Me, my 8 yo son, a friend and her two young boys were preparing for a International Culture Fair presentation last week. The boys chose the country of Saudi Arabia, so we got all of the info together, made a display board with info all aboout the country. We had alot of artifacts that I had brought back from when I lived over there, as well as the womens' outfit (total black body wrap that Anne got to wear and display for all to see, the eye's only are allowed to be seen on their women), we had the mens' head gear and grey long gown/dress that they wear; we were ready to present this country to everyone. Then I got a wild hair and asked my friend if she wanted to drive by the local Mosque to make sure that we knew where it was at; she agreed.
I drive into their parking lot and said, "hey, there's a car here, lets go in and talk with someone!" (Mind you, for some reason she is terrified of Muslim men!
). She also reminded me that she had on (what she calls) a WIFE BEATER shirt (a tank top)...I loaned her one of mine to put on over it. Well, I led the way up to the Mosque in hopes of finding someone to chat with and let the boys ask any questions or at least set up a time to do so, so there are two buildings divided by a breezeway and we go into one and it was a fellowship hall with little classrooms along the walls. I call out and noone is there, so we are in the entrance way ready to leave and the alarm goes off loudly...my friend and her kids and Daniel all take off and run for their lives to my truck; as I just stand there and call out to them sayinhg..."hey, you guys all get back here...where are ya going???". So now we go to the second bldg and we see an old man just sitting in the foyer to the sactuary just reading a book, and we tell him of the little problem that we had just caused with the alarm; so he invites us to come into the foyer and to sit down on the two benches that were sitting across from each other while he goes to the office and makes a call to get someone to come and turn off the alarm...he actually apologised for not hearing it
.
So the boys all sit together nicely on the one bench and me and friend sit on the other bench across the foyer and wait for the elderly man to come back from phoning the SHEIK (but with his Arabic accent, the old man said 'I will be right back after I call the SHAKE'... instead of pronouncing him as the SHEIK. Well, we are sitting quietly in the foyer and I tell the boys,... "...Now, whatever you do in your final Saudi presentation say 'SHEIK' and do not say 'SHAKE' AND BAKE"! (I don't know what posesed me to say that, but, I guess I was just trying to give them an example of the word 'Shake' in a sentence...and how the boys weren't to say SHAKE...) well, my friend started laughing outloud so hard that she got us and the boys to laughing hysterically!!! She couldn't even look at me; the more that I tried to get them to stop laughing the harder they would laugh and we were tearing up so badley that our makeup was running; and our noses were running, and we were trying so hard to not laugh so loud that we literally had to cover our mouths (with both hands ) in a very serious way in order for the sounds of hilarity to not be resounding throughout the very quiet sanctuary to where it could be heard by the old man to where he might take it as us being disrespectful; (I really do not know if he was just deaf or if God deafened his ears for a moment, b/c he seemed to not have noticed anything at all.) We were holding our our stomaches and trying not to snort out loud, and there were many attempts by me to be seriously show them how to make sure that they make a straight face when the man comes back in, but, to no avail...it only worsened the laughter; they got me to laughing even harder; she alomost peed her pants as she was begging me to stop saying anything else and not to look at her; we barely able to catch our breath... she had me HONKING-(which I hate to do b/c it sounds ugly to me, it embarasses me) (for real.)

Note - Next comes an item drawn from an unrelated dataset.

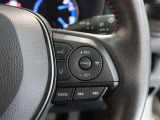 レーダークルーズコントロール(全車速追従機能付)付きです。車速に応じて追従支援してくれるので、ロングドライブも快適です。詳細は販売店スタッフまでおたずねください。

Then the guy came back and we all had to stop and freeze the laughter...ALL OF THEM turned off their laughter immediately... but, I couldn't stop laughing even after the man asked me a question, so I tried to swallow my laughs, and I tried to make it look as though I had a very serious and concerned look on my face, you know, with the eyebrows lifted up, but the first couple of words came out of my mouth not as SPEAKING the words, but as LAUGHING the words to the man but, finally I was able to get ahold of my composure and speak normally with him for about 30 seconds; just long enough to get out of there....We hurried to leave while we still had our respect intact. Of course, we lost it outside and my friend told us on the drive home... 'that will be a funny memory to last in infamy'.. she said.
As I said, you might have had to be there to get the SHEIK VERSUS SHAKE (and bake) scenario
PS-I set up an appt, to take Daniel to see the SHEIK so that we could talk and to see if he would loan me a koran. Mohomed (the Sheik) met with us and he had a couple of his people there with him...well they were so glad that we were doing this presentation that he gave Daniel a present...a brand new childs' sized white religious gown to keep; plus he gave me a brand new Koran that is written in both Arabic and English on each page! (Needless to say, that my friend and her boys did not want to come and meet the SHEIK!) but, the presentation was pulled off just fine!